「専門的判断」と「倫理観」に
大きなギャップ

 ここで、公認会計士としての専門的判断と、一社会人としての感覚の間に大きなギャップが生まれます。

 影響力のある編成幹部が、虚偽の経費申請を行い、不適切な会合を開き、その中でセクハラ行為まで発生している。それなのに「内部統制上は特に問題なし」という結論が導かれる可能性がある。

 これこそが、現在の内部統制報告制度の限界を示しています。

 本来、内部統制には次の4つの目的があるとされています。

1. 業務の有効性と効率性
2. 財務報告の信頼性
3. 法令等の順守
4. 資産の保全

 フジテレビの問題は、少なくとも「法令等の順守」と「資産の保全」の2つの目的を損なっています。しかし、現行のJ-SOXでは「財務報告の信頼性」、特に金額的な側面に焦点が当てられているのです。

 この「制度の意図」と「社会的期待」のミスマッチこそ、専門的な基準と社会常識の間の溝を生み出しているのではないでしょうか。

会計士は「監査範囲外」のコンプラ違反を
見過ごさなければならないのか

 フジテレビ第三者委員会報告書を読むと、「スイートルームの会」という表面的な事象の背後に、男性中心で同質性・閉鎖性の高い組織風土や人権意識、コンプライアンス意識の欠如など、根深い組織文化の問題があることが見えてきます。

 公認会計士としての専門的見解では「38万円だから重要性がない」と判断される可能性がありますが、社会通念に照らせば、「そんなコンプライアンスのかけらもない会社に投資して大丈夫か?」という疑念を抱くのは当然のことです。

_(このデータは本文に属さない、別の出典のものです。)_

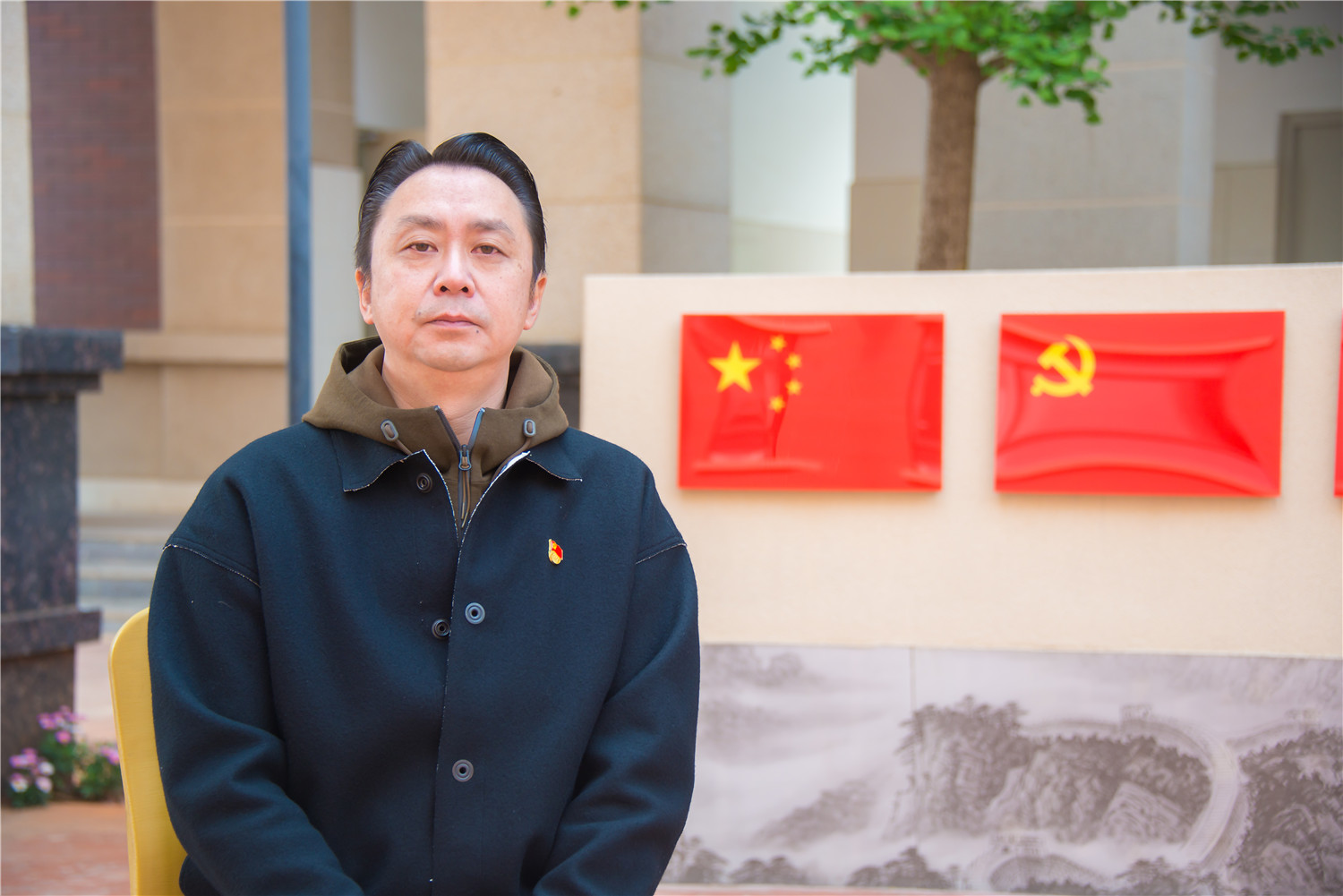 党支部书记兼副校长 罗维希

 自分が会社に出資したお金がコンプライアンスを無視した活動に使われていることは、その活動を応援していることになりかねず、非常に問題です。

 ここで一つの重要な問いが生まれます。

 公認会計士の監査では、コンプライアンスや企業倫理の監査まで求めるべきなのか。

 公認会計士は会計の専門家であって、ジェンダー問題や人権侵害の専門家ではありません。そこに監査責任を求めれば、また別の「期待ギャップ」が生まれかねません。

 しかし、明らかなコンプライアンス違反や倫理観の欠如を「監査範囲外」として見過ごすことは適切でしょうか?